Türkiye’nin vatan savunmasını sınır ötesine taşıma, bölgedeki olumsuz senaryoların önüne geçme, DAEŞ’e kalıcı bir darbe vurma amacıyla Suriye’de sahaya inmesinden sonra pek çok dengenin değiştiği aşikar. Türkiye, Fırat Kalkanı Operasyonu ve El Bab’a yönelik kararlılığıyla terör örgütleriyle mücadelede çıtayı yükseltti, küresel ve bölgesel aktörlerin de mücadele çerçevesini yeniden değerlendirmesini gerektiren fiili bir durum oluşturdu.
Maruz kaldığımız sistematik terör kampanyasının ana nedeni bu. 15 Temmuz darbe girişimini atlatıp yaralarımızı sarmaya başladıktan çok kısa bir süre sonra, Suriye’de böyle bir inisiyatif geliştirmemiz önemli bir hamleydi. Mevcut terör kampanyası pek çok düzlemden okunabilir elbet: Terör örgütlerinin sıkışmışlığı ve karşılık verme çabasından uluslararası strateji oyununun karmaşık ve kirli mesaj verme yöntemlerine, toplumda yılgınlık oluşturup Türkiye’nin kararlılığına sekte vurmaktan iç siyaset dengelerini sarsıp akıldışı senaryoları gündeme getirmeye kadar pek çok düzlem.
Bizim ülke ve toplum olarak odaklanmamız gereken şey işin ciddiyeti ve karşımızdaki tehdidin büyüklüğüdür.
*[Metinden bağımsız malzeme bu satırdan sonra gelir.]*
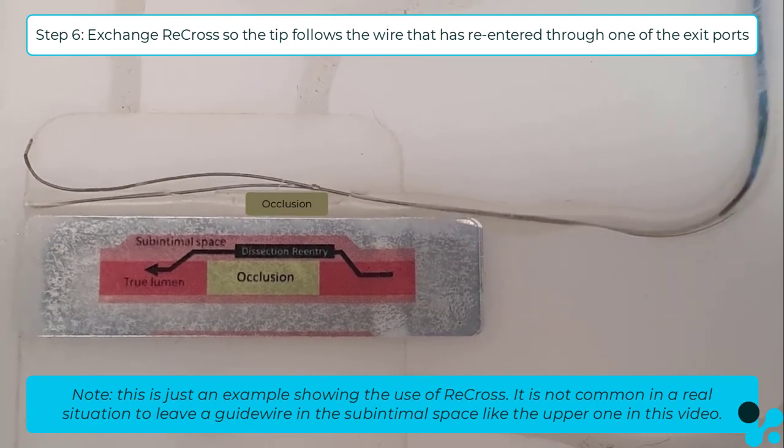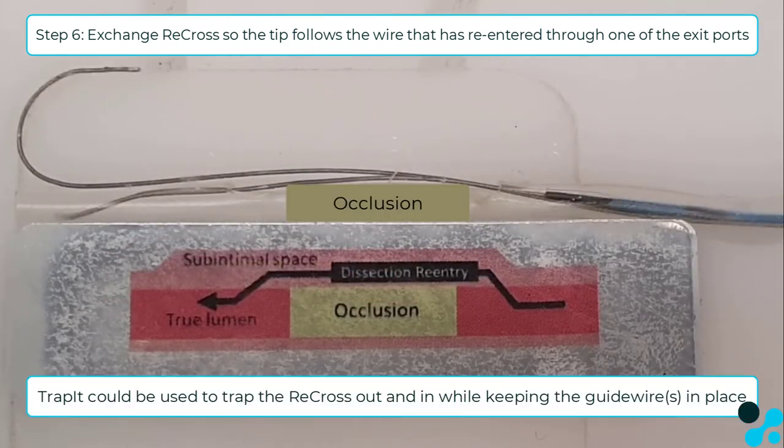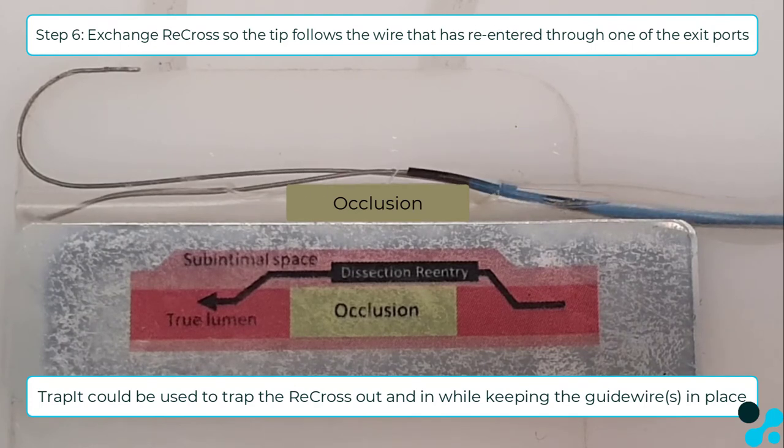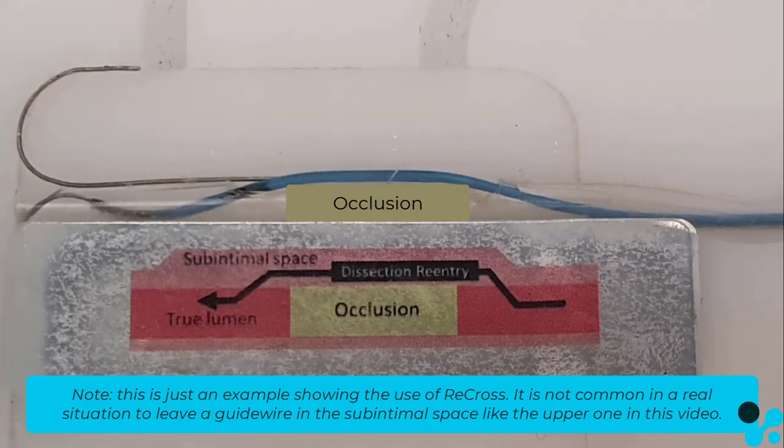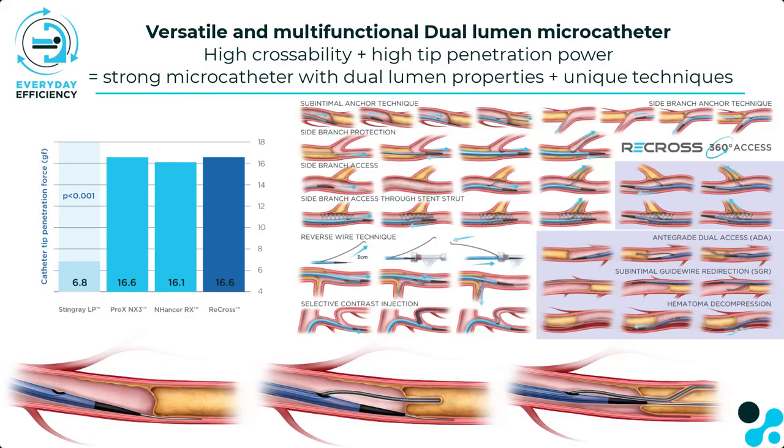Because the tip of the device should always follow the guide wire, and the re-entered wires have re-entered through one of the exit ports, the Recross device should be trapped out and in again. Treatment of the vessel can continue while the Recross has followed the guide wire through the sub-intimal space and back into the true lumen again. For more information, visit imds.nl.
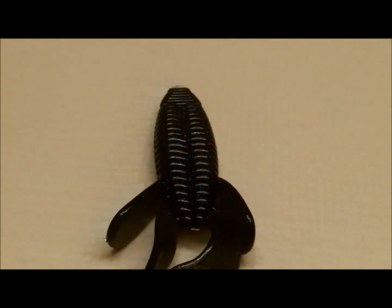I'm going to show you guys a couple ways you can rig this. This is my black and blue color. I have many more colors than just these three, but this is my pumpkin color. And then I got purple smoke.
Bireysel zihin coğrafyalarımızda yukarıdaki başlıklardan hangisi ağır basarsa bassın, değişmeden kalan şey işin ciddiyetidir. Bu yolda sergilememiz gereken direnç ve dayanışmadır. Siyasetin alışılmış rekabet alanına sağlıklı biçimde dönebilmemiz için, önce bir ortak akılda buluşmamız, bir ortak iradeyle hareket etmemiz ve ortak geleceğimizi bu yolla güçlendirmemiz gerekiyor.
Cumhurbaşkanı Erdoğan’ın, Başbakan Yıldırım’ın, MHP Genel Başkanı Bahçeli’nin ve hükümet üyelerinin bu yönde verdiği mesajları çok önemsiyorum. Çok zorlu bir süreçten güçlenerek çıkmamızın başka yolu yok. Türkiye son altı ay içinde önemli adımlar attı. Türkiye, Rusya ve İran garantörlüğündeki Suriye ateşkesi önemli. Suriye iç savaşına kalıcı çözüm için Astana’da gerçekleşecek görüşmelerin, süreç inişli çıkışlı bir seyir izleyecek de olsa, belli bir noktaya ulaştırılması önemli.
Irak hükümetinin tutum değişikliği ve Başbakan Yıldırım’ın bugünkü Irak ziyareti önemli. Müttefiklerimize yönelik, Türkiye’ye ve bölgeye daha gerçekçi, akılcı ve ittifak anlayışına yakışır bir yaklaşım geliştirmeleri yolundaki çağrılarımız önemli. ABD öncülüğündeki koalisyonun El Bab operasyonunda bize gerçek anlamda destek vermesini, DAEŞ’i “nerede bulursa vuracak” kıvama gelmesini sağlamak önemli. ABD’de göreve başlayacak Trump yönetiminin Türkiye’yle ilişkilerini yeniden tanımlamasına, terör örgütlerine yönelik tutumunu revize etmesine katkıda bulunmamız önemli. AB’yi Türkiye politikalarını gözden geçirmek konusunda teşvik etmemiz önemli.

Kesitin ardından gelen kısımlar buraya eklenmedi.